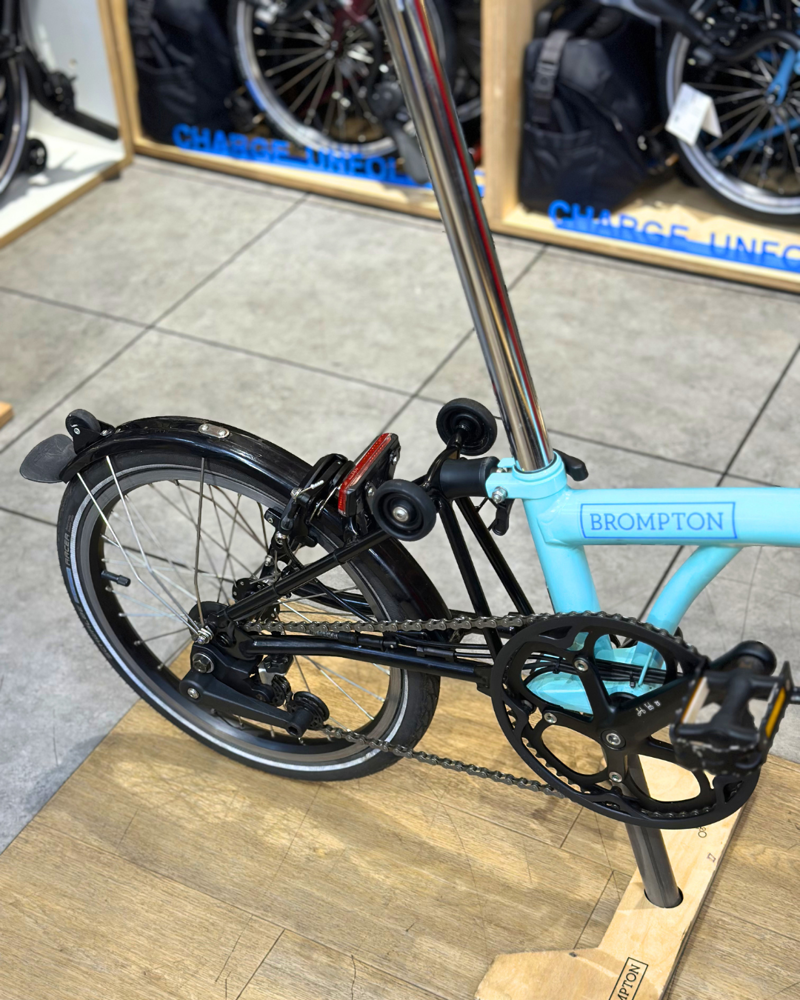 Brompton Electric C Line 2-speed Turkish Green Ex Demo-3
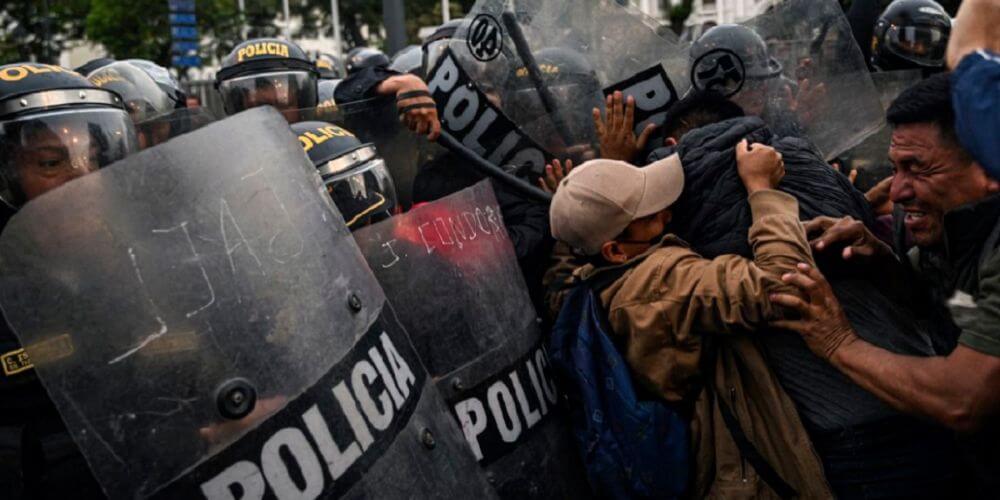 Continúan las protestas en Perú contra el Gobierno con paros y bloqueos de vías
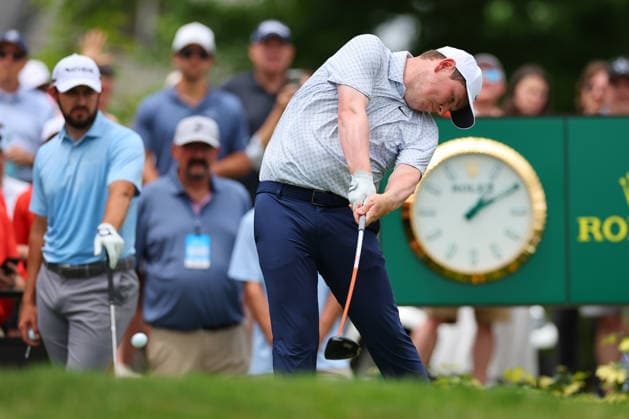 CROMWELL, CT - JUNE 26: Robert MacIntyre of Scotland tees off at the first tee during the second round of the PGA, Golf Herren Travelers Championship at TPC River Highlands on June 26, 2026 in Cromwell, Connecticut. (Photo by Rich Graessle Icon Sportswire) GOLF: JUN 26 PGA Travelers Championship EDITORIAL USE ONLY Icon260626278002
========
* EXERCISE *
From the first line to the last, write out the data exactly, omitting any pictures.

* TASK SOLUTION *
 Brompton Electric C Line 2-speed Turkish Green Ex Demo-3
 Continúan las protestas en Perú contra el Gobierno con paros y bloqueos de vías
 CROMWELL, CT - JUNE 26: Robert MacIntyre of Scotland tees off at the first tee during the second round of the PGA, Golf Herren Travelers Championship at TPC River Highlands on June 26, 2026 in Cromwell, Connecticut. (Photo by Rich Graessle Icon Sportswire) GOLF: JUN 26 PGA Travelers Championship EDITORIAL USE ONLY Icon260626278002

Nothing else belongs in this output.